From 45ec21b033ce09f7f14a4d5a1081b6b34c5ee6ce Mon Sep 17 00:00:00 2001
From: Da Zheng <zhengda1936@gmail.com>
Date: Thu, 29 Apr 2021 14:38:41 +0800
Subject: [PATCH] [Distributed] fix docs for distributed training. (#2840)

* update distributed training doc.

* explain data split.

* fix message passing.

* id mapping.

* fix.

* test data reshuffling.

* fix a bug.

* fix test.

* Revert "fix test."

This reverts commit 907f1dd88994894db94ffcd77b5995279f76b489.

* Revert "fix a bug."

This reverts commit ff0a4d893bbe4911a75ecb04bcbd9bc65315166b.

* Revert "test data reshuffling."

This reverts commit 99bb2f6405de67fc73652220b02e7184461c3e5e.
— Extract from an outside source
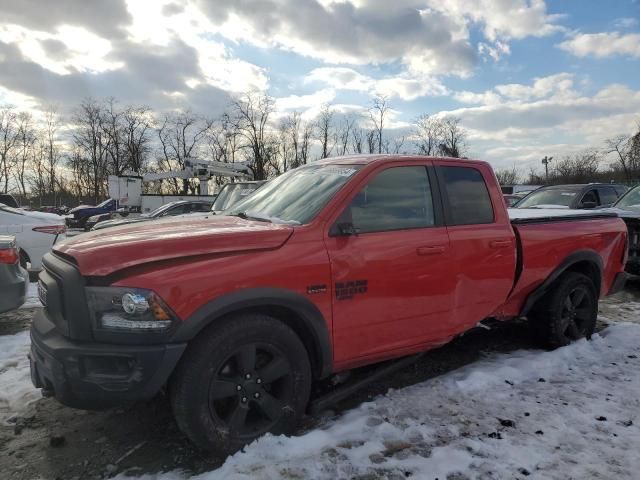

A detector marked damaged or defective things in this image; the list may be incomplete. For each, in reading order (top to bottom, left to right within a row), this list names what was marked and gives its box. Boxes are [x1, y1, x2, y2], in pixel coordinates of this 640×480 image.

crumple hood damage [55, 216, 296, 276]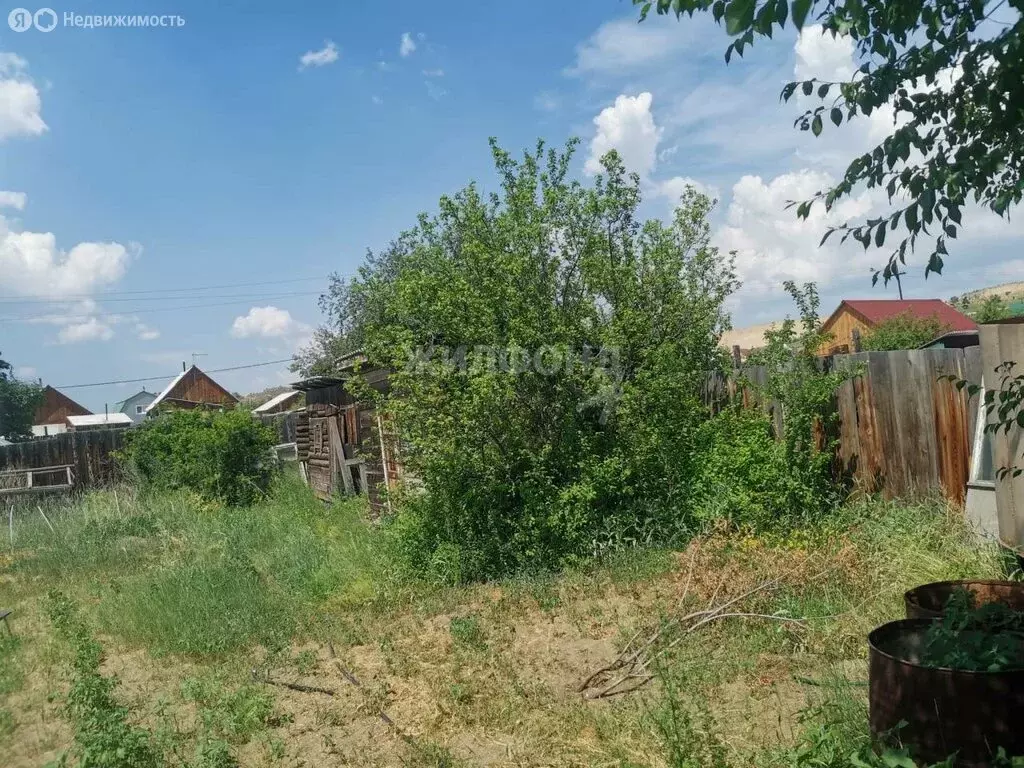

Co-authored-by: Zheng <dzzhen@3c22fba32af5.ant.amazon.com>
---
 docs/source/guide/distributed-apis.rst        | 22 ++++++-----
 .../guide/distributed-preprocessing.rst       | 37 +++++++++++++++----
 docs/source/guide/distributed.rst             |  2 -
 docs/source/guide/message-efficient.rst       |  2 +-
 4 files changed, 44 insertions(+), 19 deletions(-)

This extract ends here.